It’s an oft-repeated phrase. It’s so ingrained into the culture of relationships and breakups, that it’s become a cliché. I remember when I first heard one of the characters saying it (or something like it) in the 1939 classic The Women. I believe the actress was Rosalind Russell (as Sylvia Fowler) and the line went something like: “I gave Howard Fowler the best years of my life.”
When I saw my own marriage end, I found myself thinking of that very phrase over and over again. But what did it mean? What had I given my ex? What had I lost?
When the other women ask Sylvia what she lost, she replies: “my youth,” but I wasn’t really worried about that. And it’s not because of that old saying about men getting better with age. It seems to me that most people – men and women — seem to be aging better today than they did in the era of The Women.
Did I give up happiness? No. I realized the happiness — even the happy moments I had shared with him —would be mine to enjoy from time to time as memories. So they weren’t gone.
Nevertheless, the phrase still resonated with me: “I gave him the best years of my life.” I would catch myself saying it over and over in my head — almost reflexively. Finally, about six months after the breakup, I realized what it meant to me. It wasn’t about losing my looks to age or the good times we’d shared together. It was about the fact that in those five years I went from being socially active to someone with a very limited group of friends. I feared my days of being surrounded by a big, boisterous crew (as I had been before him) were gone. What if I was now too old to make new friends? To get invited to parties? To meet people downtown for drinks? I was worried I had given him the last of my friend-making years.
They say it’s harder to make friends after 30. When I met my ex, I was still regularly getting together with gay friends and talking about boys.
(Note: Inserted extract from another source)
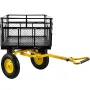 Steel Garden Cart, Heavy Duty 635 kg Capacity, with Removable Mesh Sides to Convert into Flatbed, Utility Metal Wagon with 2-in-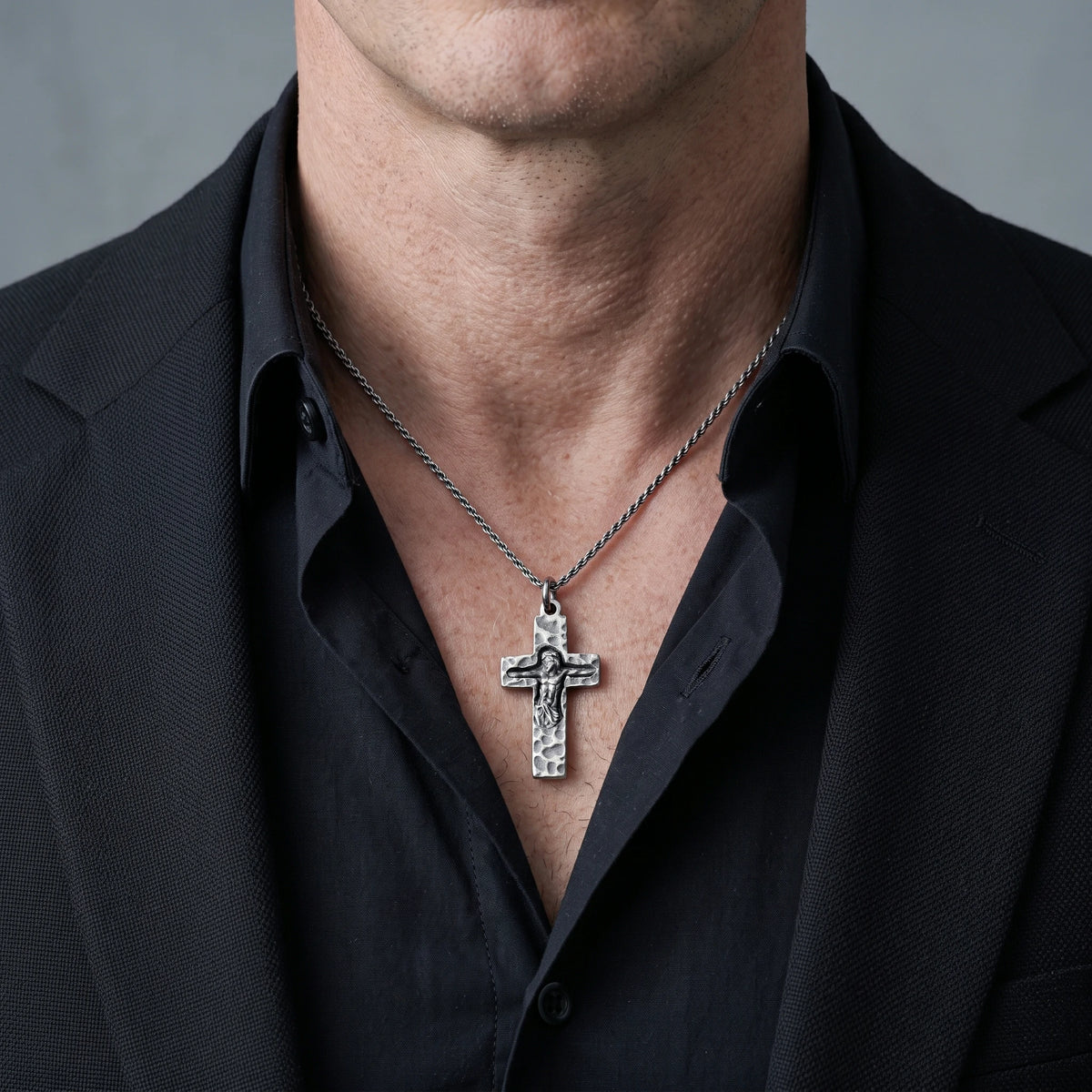 Rock of Ages Sunken Crucifix, Heavy Hammered 925 Sterling Silver Faith Necklace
Was I now too old to do that? More importantly, would there be anyone left to do that with? Was that all gone?
Now, a year and a half after my breakup, I’m happy to say: it is not gone. I have made friends: We go to movies. We meet for drinks. We talk about boys. Happily, I have realized that I did not give up the best years of my life. I’m living them now, again, anew, and better than ever. And it’s worth noting that — had my ex not left me, I might never have gotten these years back.